Si todo lo que padeció el Señor fue para lograr comunicarnos “la verdadera alegría», esa que nadie nos podrá quitar, es lógico pensar que toda la estrategia del mal espíritu consista en “militar” contra esa alegría. Un cristianismo al que le han robado la alegría es un cristianismo derrotado, aunque queden todas las otras virtudes. ¡Es tan patético ver la cara de los cristianos más “observantes” que no pecan ni de pensamiento y cumplen hasta el ayuno de los viernes y lo hacen todo sin una chispita de alegría, sin una broma, sin un poco de buen humor…!

 

Ahora, este cristianismo del triste deber (y nunca poder) no es cosa de hace unos años. Dos mil años lleva el demonio “militando” contra la alegría. Se supone que aprendió muchas cosas y que debemos ser astutos para no caer en sus sutilezas y falacias.

Esto de las falacias es clave.

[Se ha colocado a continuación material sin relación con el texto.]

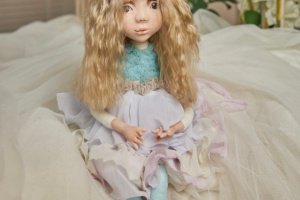 Работа Интерьерная кукла: KRIS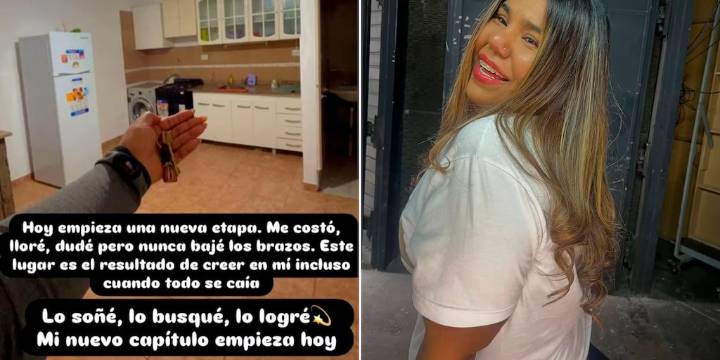 Camilota mostró su nuevo departamento y respondió a las críticas en redes: “Hoy me elijo primero a mi”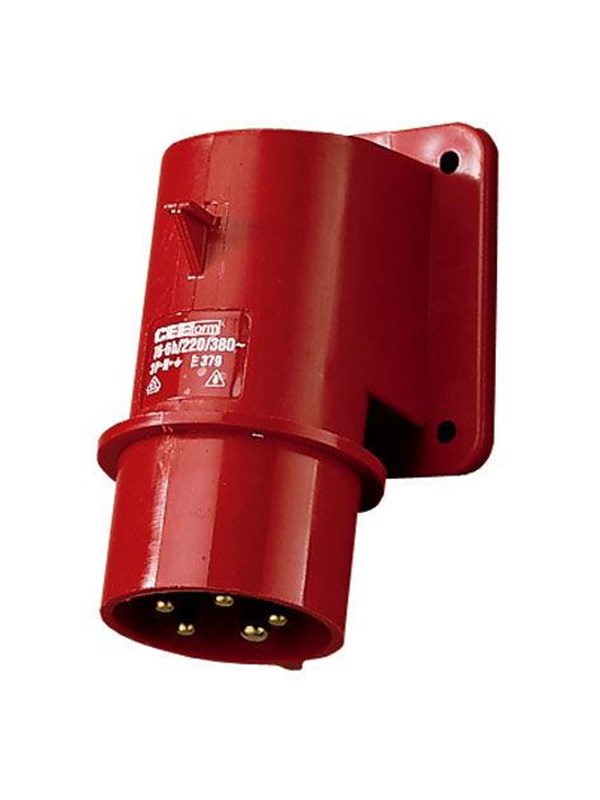 Mennekes Panel mounted inlet 16a5p6h400v ip44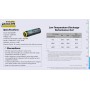 NITECORE - Nitecore NL2142LTHPR USB 4200mAh 15A 21700 specially for Cold Weather with USB Port - Other formats - MF021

Culturalmente, por ejemplo, mucha gente cree que su alegría, dado que es una emoción, es igual a la de su perrito cuando le hacen unas caricias o a la de su canarito que se muestra igualmente entusiasta todas las benditas mañanas. Es verdad que las emociones tienen su asiento en el cerebro límbico o emocional y que el pensamiento abstracto se asienta en el neocortex o racional. Pero lo propio de nuestro cerebro es la “interacción” entre nuestros tres cerebros, no lo que cada uno haría aisladamente.

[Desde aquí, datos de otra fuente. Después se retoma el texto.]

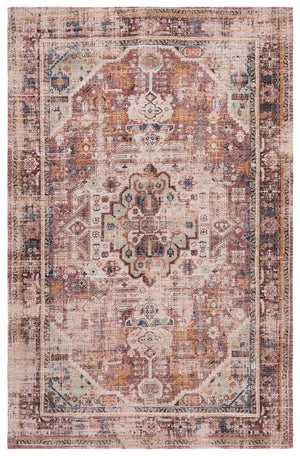 Safavieh Saffron Hand-Woven Ivory And Purple Traditional Area Rug — Jute Chenille Blend, Low-Profile Elegance 9'-0" x 12'-0" SFN410A-9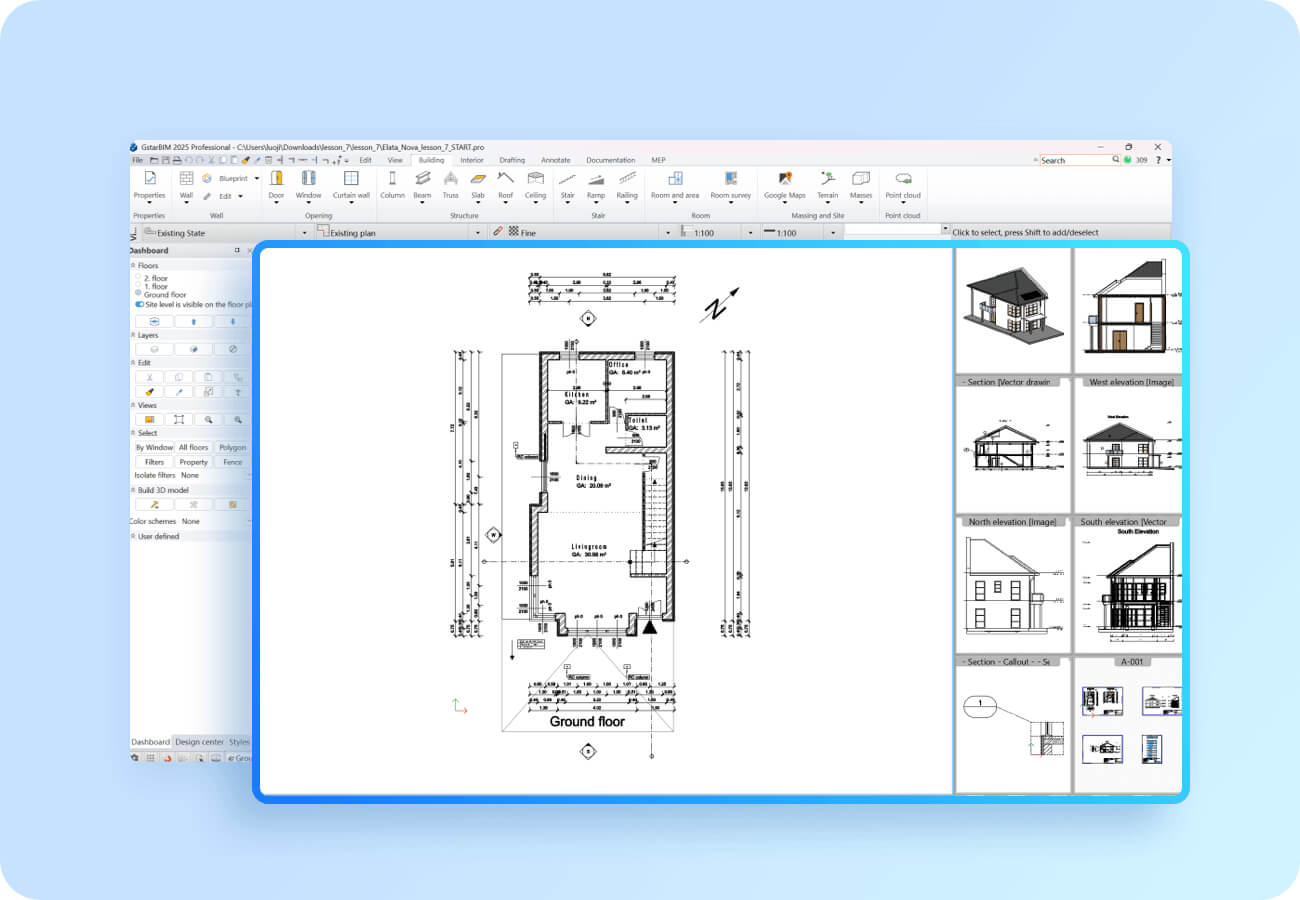 GstarBIM parametrik BIM modelleme ve disiplin koordinasyonu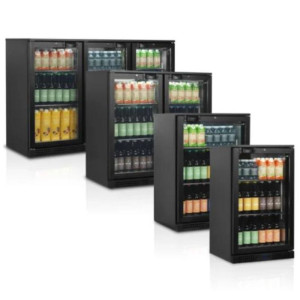 Refrigerated Back Bar Glass Door - 118 L TEFCOLD: elegance and practicality for your fresh products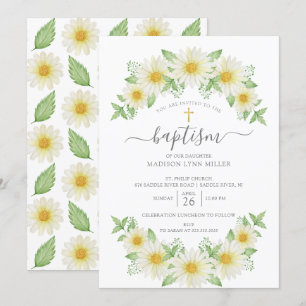Invitation au baptême floral de Fraîcheur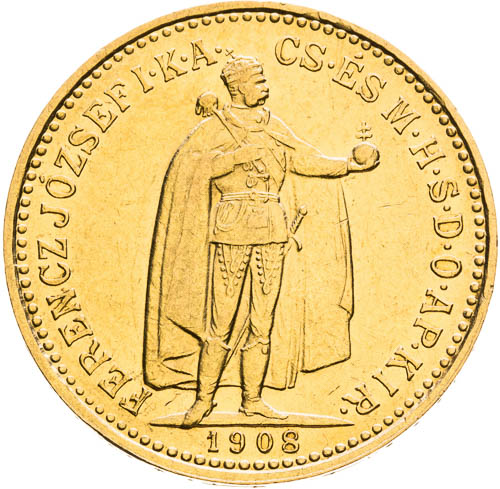 10 Korona 1908 - averz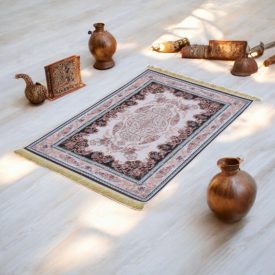   Hodvábny koberec strojovo tkaný SILKEN 70x110 akrylový turecký koberec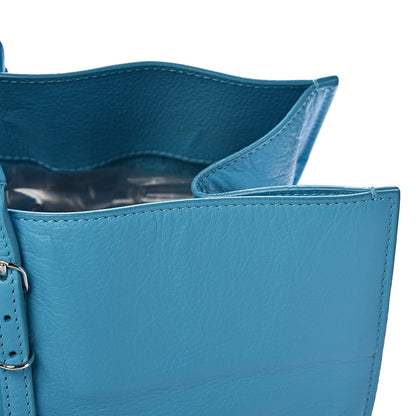 Balenciaga Supple Calfskin Papier A4 Tote Bleu Caraibes 19 of 21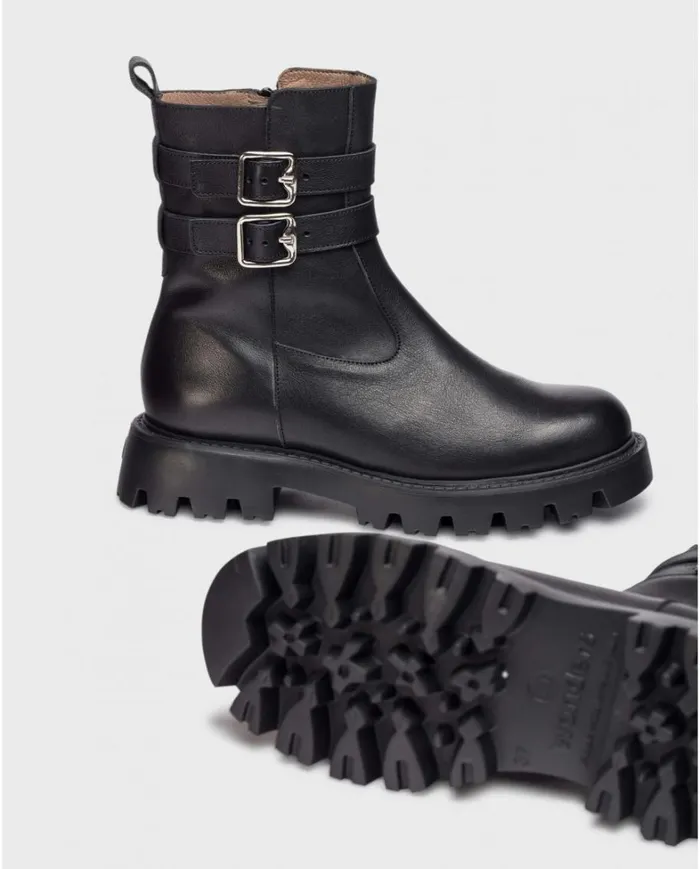 Women Black PURA Ankle Boots Wonders Ankle Boots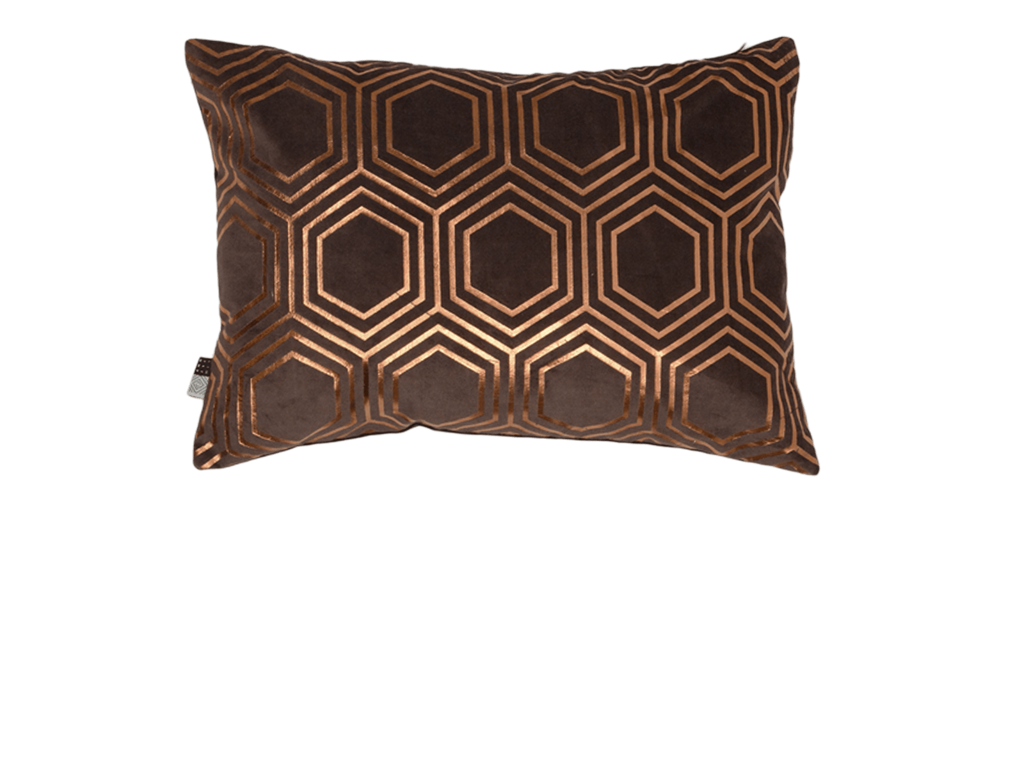 Kussen Hexagon 35x50cm Mauve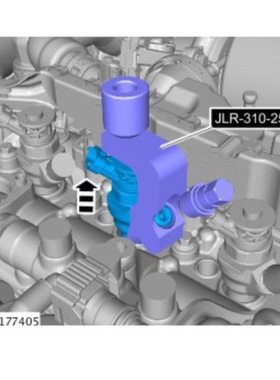 路虎Ingenium i4 2.0l 柴油喷射器 (G1875958) / 拆卸和安装工具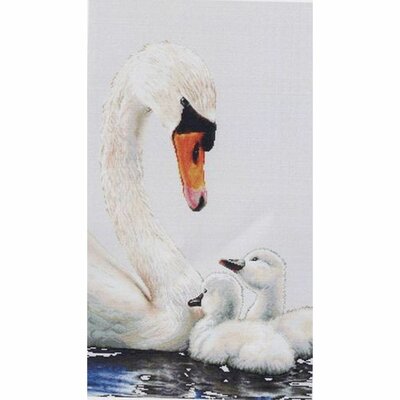Thea Gouverneur 606  kit point croix compté  Cygne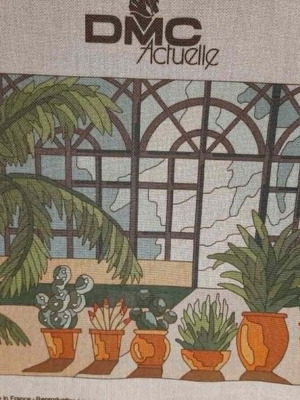 DMC Actuelle stamped canvas for embroidery La Serre, new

Lo que quiero decir es que todas nuestras emociones tienen su aspecto racional y la alegría de María Magdalena al escuchar a su Rabbí resucitado le entró por los ojos, los oídos y el cerebro y la invadió afectivamente como una ráfaga de Espíritu encarnado, inundando su mente, sus sentidos, sus emociones y su corazón.

 

Es claro que uno no puede estar siempre alegre si reduce la alegría a la emoción del canarito, pero sí puede si la eleva a la altura de la Belleza del Señor Resucitado, que afecta a nuestro ser entero y hace que un aspecto totalice a los otros.

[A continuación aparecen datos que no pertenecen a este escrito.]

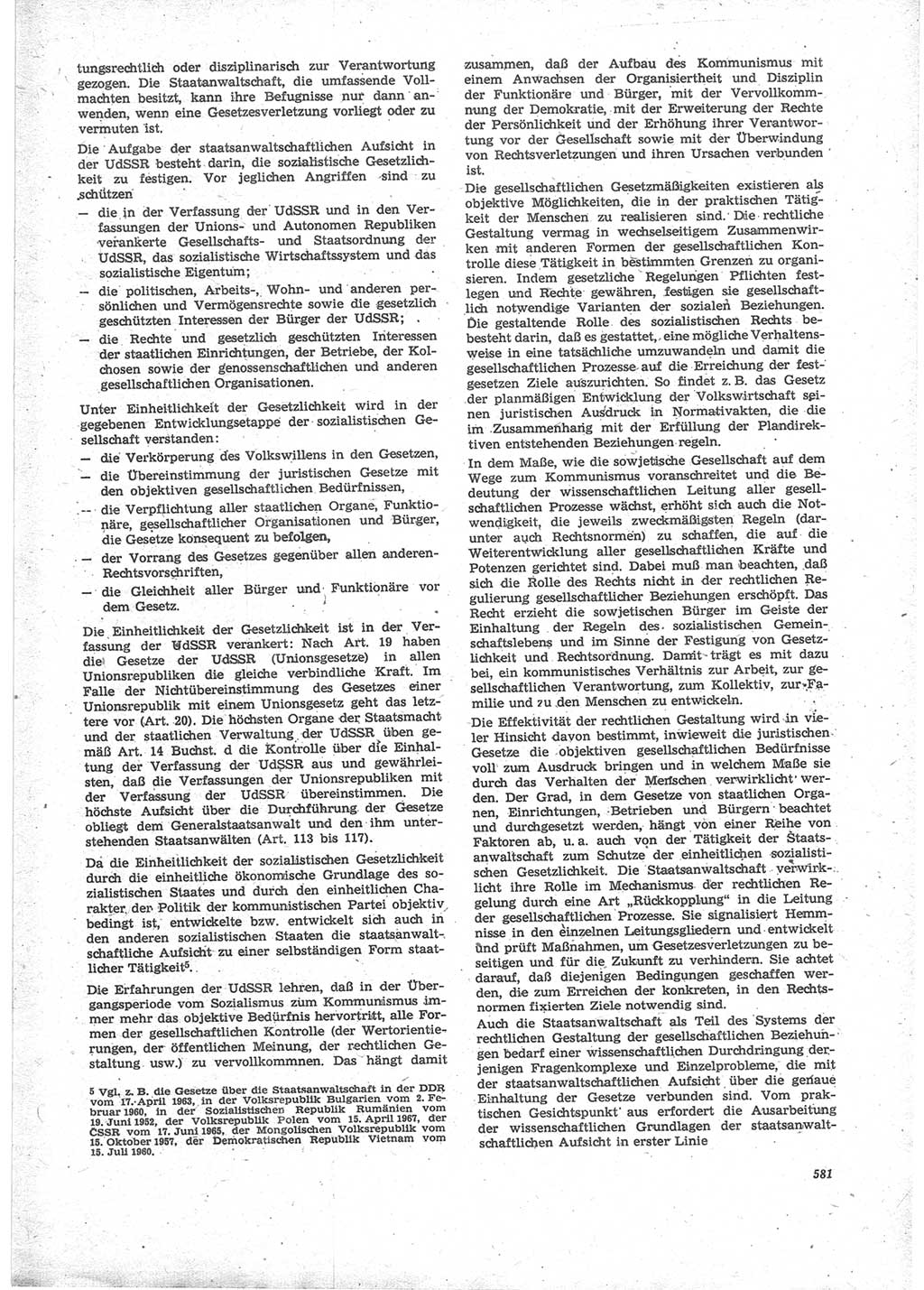 Neue Justiz (NJ), Zeitschrift für Recht und Rechtswissenschaft [Deutsche Demokratische Republik (DDR)], 24. Jahrgang 1970, Seite 581 (NJ DDR 1970, S. 581)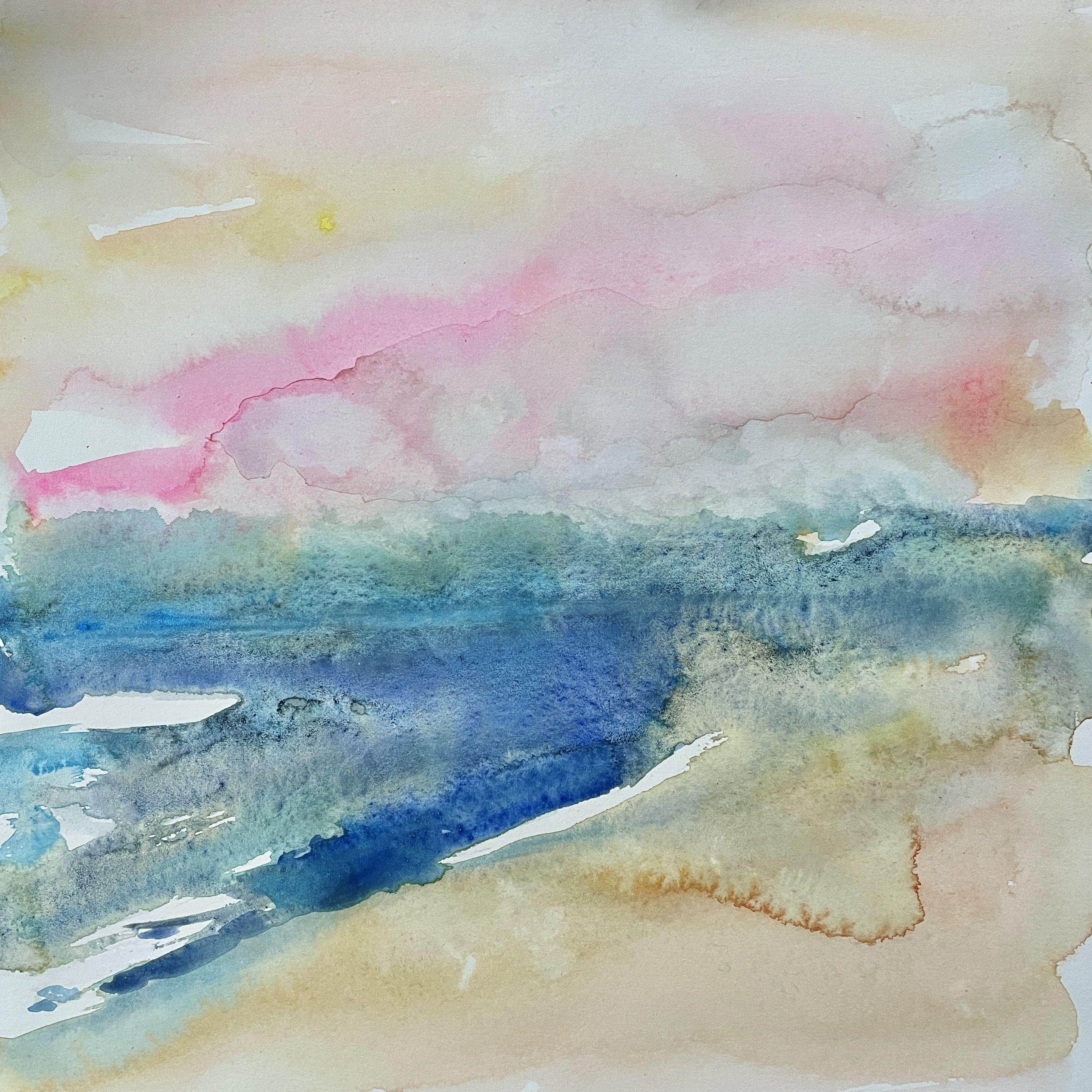 Summer Sea I, Painting, Watercolor on Paper - Art by Gesa Reuter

La alegría del Resucitado puede comenzar por los ojos -“hemos visto al Señor”-, pero inmediatamente “abre la mente”, “hace arder el corazón” y nos emociona –nos mueve al gozo-.

Otras veces puede que no veamos nada y que la alegría parta de la pura fe, de un acto interior de humildad y de sentirnos –precisamente por no sentir nada- tan creaturas que esa convicción nos lleva a adorar y a empequeñecernos y la adoración racional redunda en sentimientos de paz y de alegría creatural que pueden ser de mayor o menor intensidad, pero son alegría sensible también.

 

Para concluir, en esta mañana de Sábado de Gloria, no dejemos de tener en cuenta que la alegría del Evangelio, que tiene por “motivante” a Jesús resucitado, es una alegría con encargo: Alégrense! dice Jesús, y agrega “avisen”: “avisen a mis hermanos que vayan a Galilea y allí me verán”. No se trata de un simple “hola” como de quien pasa de largo sino que es un saludo con misión: anuncien la buena noticia. Se trata, pues, de lo que el papa Francisco llama “la alegría del evangelio”, la alegría de encontrarse con Jesús y de salir corriendo a contarles a los amigos que se podrán encontrar con él en la Galilea del primer amor.

 

Que el Espíritu nos haga obedientes al mandato del Señor y nos alegremos de tanta gloria y gozo de Jesús resucitado para poder alegrar a tantos hermanos y hermanas nuestras que andan medio tristones sin saber que hay Buenas Noticias, como dice el Padre Boasso que decía su amigo Atahualpa Yupanqui cada vez que alguien descorchaba un champán.